Evidemment, on ne peut pas comparer les niveaux de vie ou les budgets de la Suisse et de ses pays partenaires. Les conditions cadres sont partout différentes, il est donc important que les approches soient adaptées aux conditions locales. La diversité du système scolaire suisse en est un bon exemple: sa structure fédérale, son ancrage local, le fait que la population et les parents aient leur mot à dire, par exemple, font que notre système se distingue des autres.

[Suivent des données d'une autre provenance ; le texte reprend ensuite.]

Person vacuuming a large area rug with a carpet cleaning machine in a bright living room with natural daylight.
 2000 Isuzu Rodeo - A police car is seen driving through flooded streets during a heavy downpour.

Cela peut inspirer les autorités scolaires en Afghanistan, par exemple, où la DDC a lancé un programme visant à renforcer la supervision décentralisée des écoles et la participation des parents au quotidien scolaire.

L’éducation – un objectif central

L’éducation est au cœur du Message sur la coopération internationale 2017-2020Lien externe de la Suisse. Il couvre à la fois l’enseignement de base et la formation professionnelle. Le Parlement a chargé la DDC d’augmenter de 50% son engagement dans ce domaine, ce qui représente un investissement supplémentaire d’environ 660 millions de francs suisses. 

En 2017, la DDC a lancé sa nouvelle stratégie en matière d’éducationLien externe. Elle décrit comment la Suisse entend atteindre cet objectif dans le cadre de ses engagements bilatéraux et multilatéraux.

*L’éducation de base signifie l’enseignement obligatoire (primaire et secondaire inférieur).